Think about the teachers you had growing up. How many of them were men? How many were women? Now that I think of it, the vast majority of my elementary school teachers were women. When I got into middle school, there were more male teachers, but the majority were still women. In high school, the ratio was about 60–40 women to men.
I mention this now because I am a teacher now, and you don’t have to be in education spaces long to realize there’s a huge push for more male teachers, particularly Black male teachers and male teachers of color. According to Education Week, an AASA survey found 70% of all K-12 educators are women.
Over the summer, I sat in a room (on Zoom) with 24 current and former educators. We were coaching new teachers for my teaching program, and as I scanned the screen, I realized I was one of only two men. Everyone else was a woman. I’ve been thinking about gender and education for a long time, and that definitely brought the issue to the forefront.
Many people want better male role models, male role models that can model positive, peaceful behaviors. This argument especially comes with the implication of absent fathers.
But I feel like this rationale is based on a problematic stereotype, particularly where I teach in Baltimore City, a majority Black city. The stereotype is “these kids don’t have positive male figures in their lives,” which is true in some cases but not necessarily true in every case, and I find it a logical fallacy to conclude that because some students don’t have positive male role models in their lives, a male teacher is supposed to fill that role.
I saw a colleague and good friend, who my supervisors didn’t think was doing what he was supposed to do, once get told “you could be a positive Black male figure in these kids’ lives, but you’re not!”
That’s just way too much of a gap and too much pressure to put on someone.
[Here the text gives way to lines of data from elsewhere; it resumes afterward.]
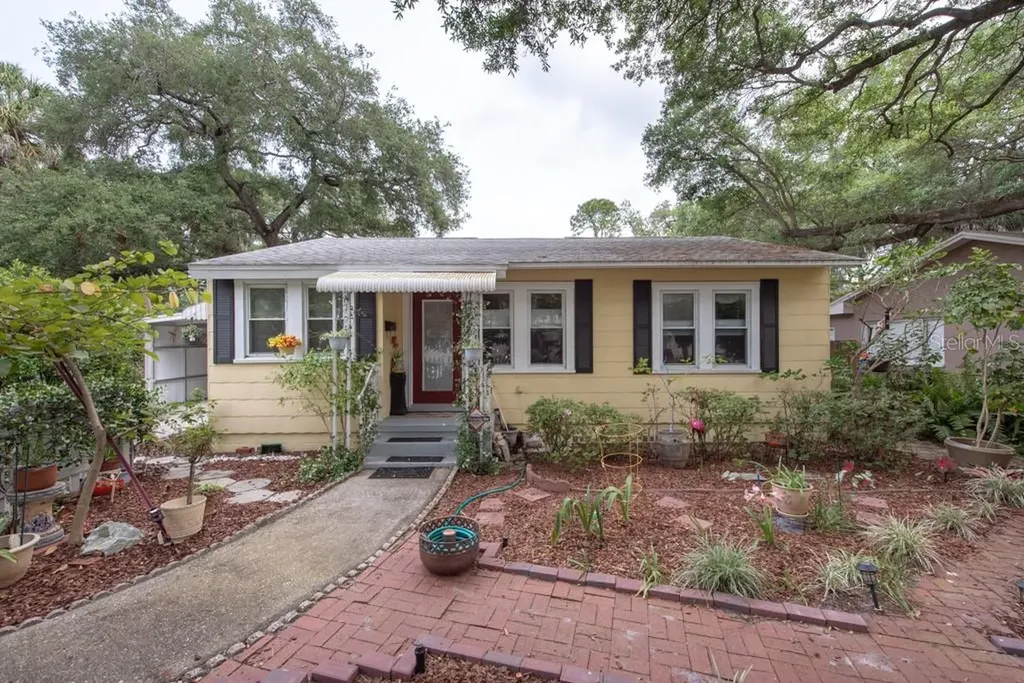 3103 W Price Avenue Tampa FL 33611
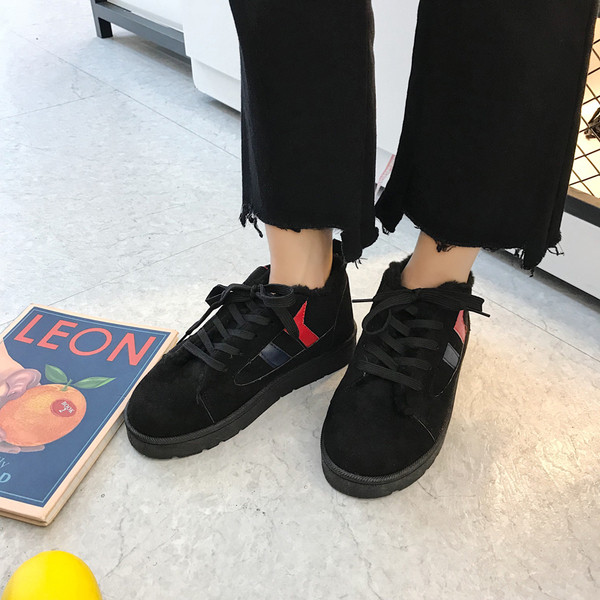 Női téli tornacipő színes szegéllyel és puha béléssel, két színben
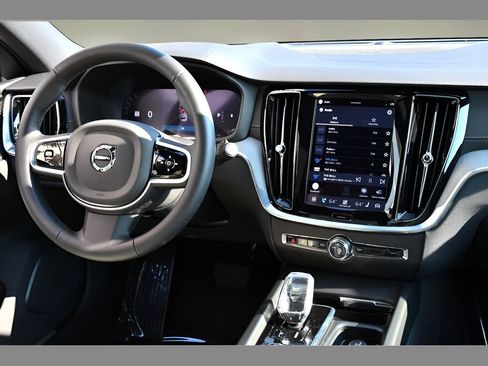 Certified 2025 Volvo V60 B5 Cross Country Ultra AWD/4WD image 18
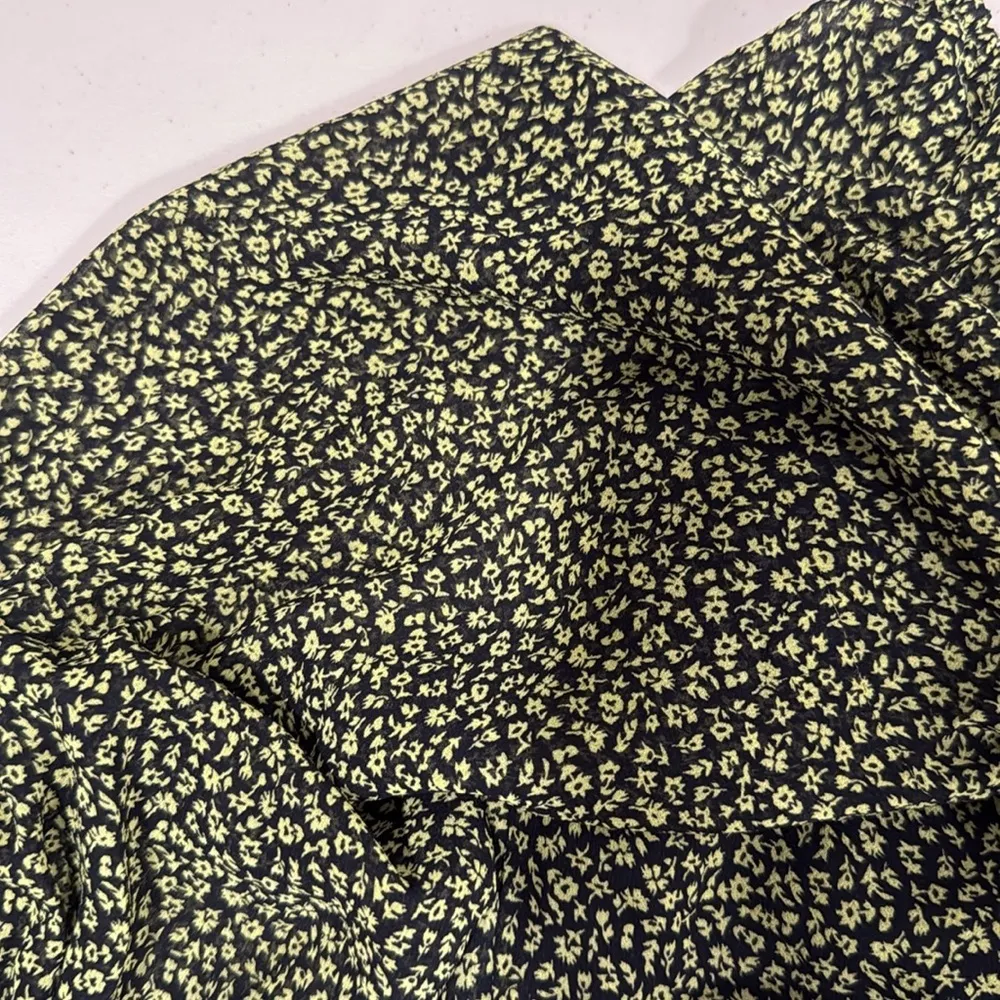 Cupcakes and Cashmere Women's Demi Floral Dress Size Small EUC Green - Image 14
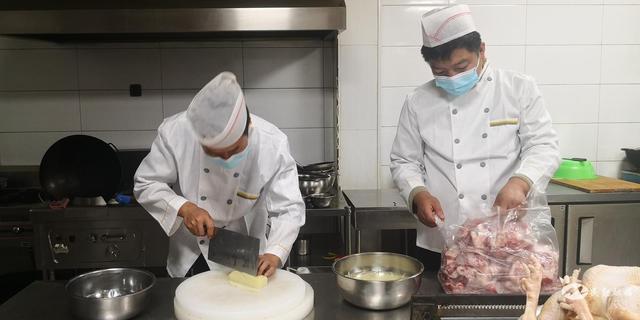 坚持两手抓 夺取双胜利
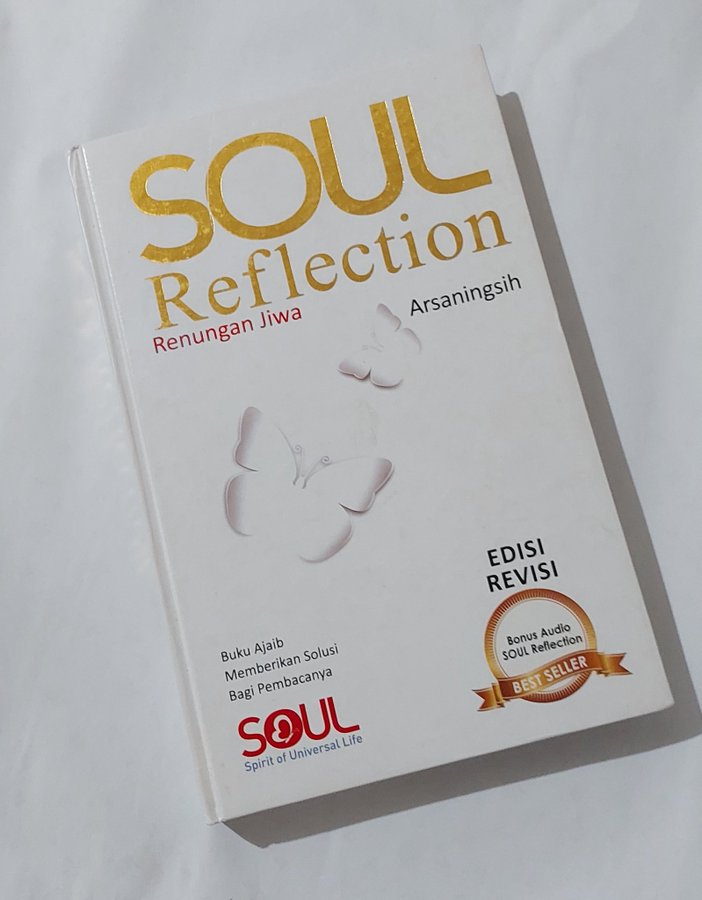 cheekyrudy's tweet photo. Ada buku quote Bunda Arsaningsih berisi renungan harian utk memahami diri &amp; berpikir positif. 
Bisa didptkan melalui toko buku atau toko online.
#KarmaReinkarnasi #MisteriSemesta #SpiritualModern #MeditasiOnline #MisteriMeditasi #SpiritualGaul #MeditasiGuru https://t.co/GpdhgQAocD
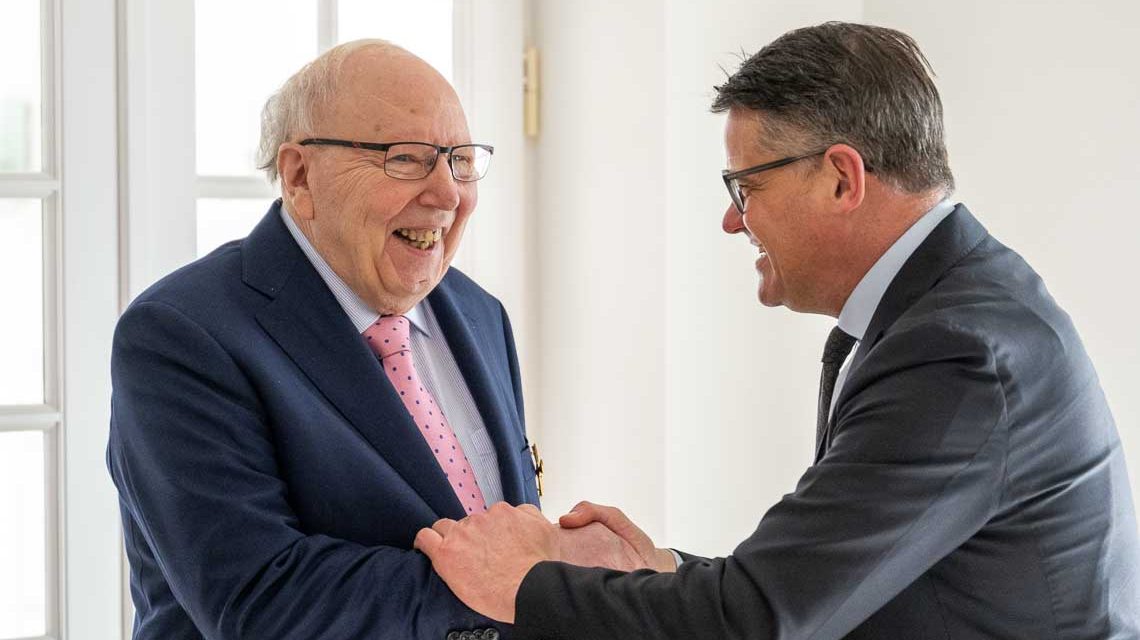 Ministerpräsident Boris Rhein gratuliert Alfons Gerling zum Bundesverdienstkreuz in der Villa Rossel.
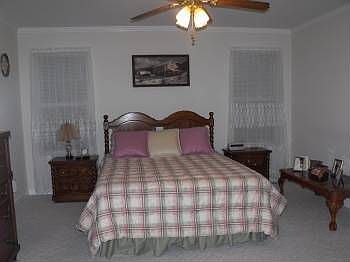 3rd image of 119 Newport Dr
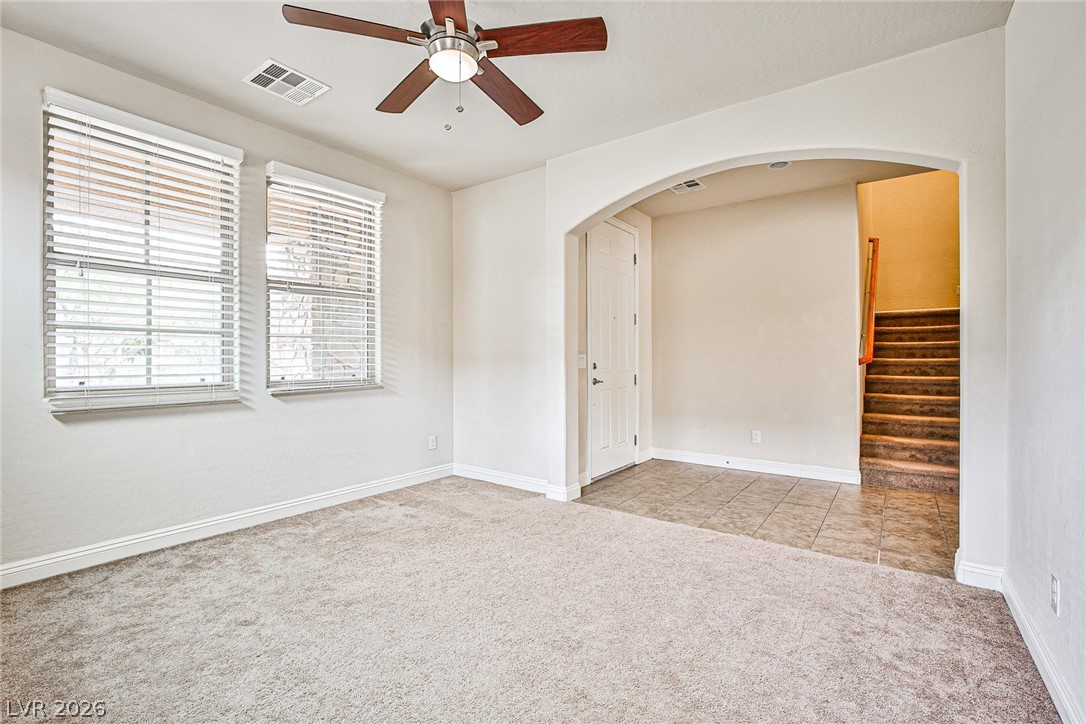 174 White Mule Avenue Property Photo 8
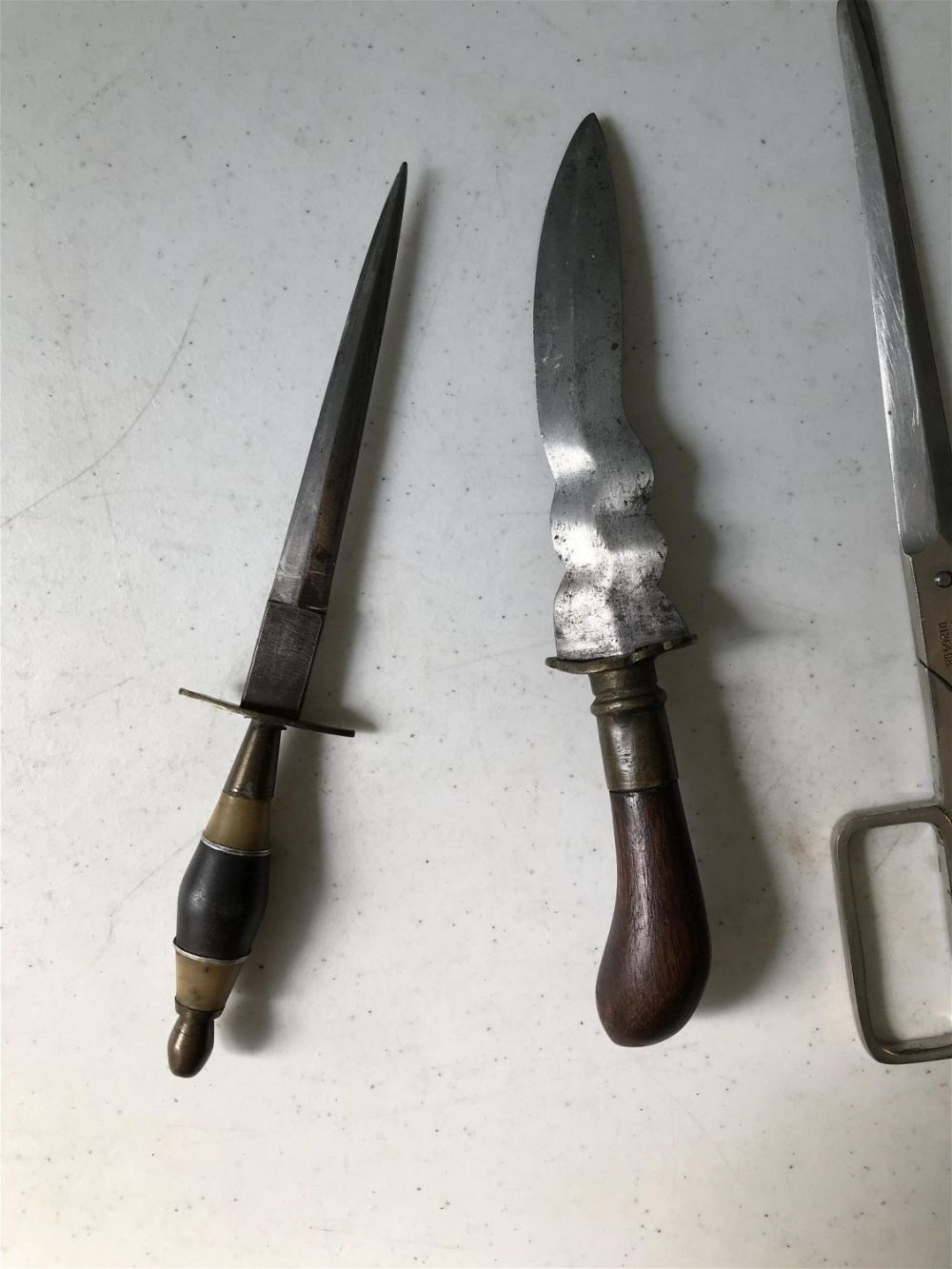 Lot 182: Vintage knife collection consisting of 5 pieces  of unique looking knives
We’re just teachers. The sudden need to become a positive father-like figure is a bit too much, and I don’t think it’s very fair either.
And research from the Economics of Education Review found there is no empirical evidence to support teacher gender having an impact on student academic performance across 15 OECD countries. The bigger role models for children are peers or relatives over teachers. The Education Resources Information Center (ERIC) found little evidence to support children without fathers find a father figure in male teachers.
“Additionally, with teaching being fundamentally different to parenting in scope, duration, and intensity, there are good reasons to avoid conflating these two roles in a child’s life,” the Australian Association for Research in Education (AARE) says.
However the AARE also says the case for male teachers isn’t these old-fashioned reasons, but a need for greater gender diversity in teaching and breaking the perception that teaching is a female profession, and expose children to peaceful, non-violent, emotionally steady men with “gender-equitable versions of masculinity.”
I am speaking for K-12 education as a whole, but the reality is many schools have a gender breakdown similar to my educational experience as a student. As students progress from primary to secondary schools, they are more likely to see more male teachers.
The biggest gender disparity where students are exposed to the least male teachers is in elementary and early childhood education.
I hate to say it, and perhaps I should just keep this to myself, but a big reason why many male teachers would never want to be elementary educators, at least not at the Kindergarten, 1st grade, or 2nd-grade level is that they don’t want to be perceived as pedophiles. As a male teacher myself, I can unfortunately completely see that fear.
Sarah Elizabeth Richards at Salon interviews a variety of Kindergarten teachers who had to defend their career choice and who were asked if there was something inappropriate behind their career choice. Some get accused of being a pedophile, and many parents request only female early elementary teachers. In 2006, the National Education Association said only 9% of Kindergarten teachers were men.
This is likely not the biggest factor, as education is sometimes still perceived as a “female” profession for some. But the whole “role model” argument is a bit one-sided — why does no one talk about female teachers being positive female role models for female students?
For many, the argument and push for more male teachers come down to balance. Students should be exposed to positive male and positive female figures, and that’s an argument I can see more than the old-fashioned ones.
I see the need for more male teachers, particularly at the elementary level. I’ve heard more arguments for male teachers from female teachers, as a matter of fact. I’ve heard some of my female peers who teach at the elementary level say “this new teacher will probably be fine because he’s a man” and “we definitely need more men in our school.”
I don’t teach at the elementary level. I’ve taught in middle schools and high schools, so perhaps I’m insulated by these old-fashioned gender dynamics and the need for more male, and particularly more male teachers of color in education.
So I see where the push for more male teachers is coming from, but my pushback and concern is it should not come at the expense of having qualified female teachers in the classroom as well. What about having more female teachers in STEM, as an example?
“Despite the resurgence of the war on boys narrative, there is no reason to think that a female-dominated teacher workforce is problematic,” the Brookings Institute says.
More male teachers are not a band-aid for education’s problems. These problems are all very systemic, but when I think back to my teachers it wasn’t the gender of the teacher that ever made me connect with them at a deeper level.
It was the teacher’s content and personality more than anything — and there’s a good point that a teacher is just a teacher. At least that was what it was like in my education, and I’m sure to some of my students, I will just be a forgettable blip in the grand scheme of their lives. That doesn’t mean I didn’t make my mark, influence, and help students learn, but there are many people in our lives that come before teachers.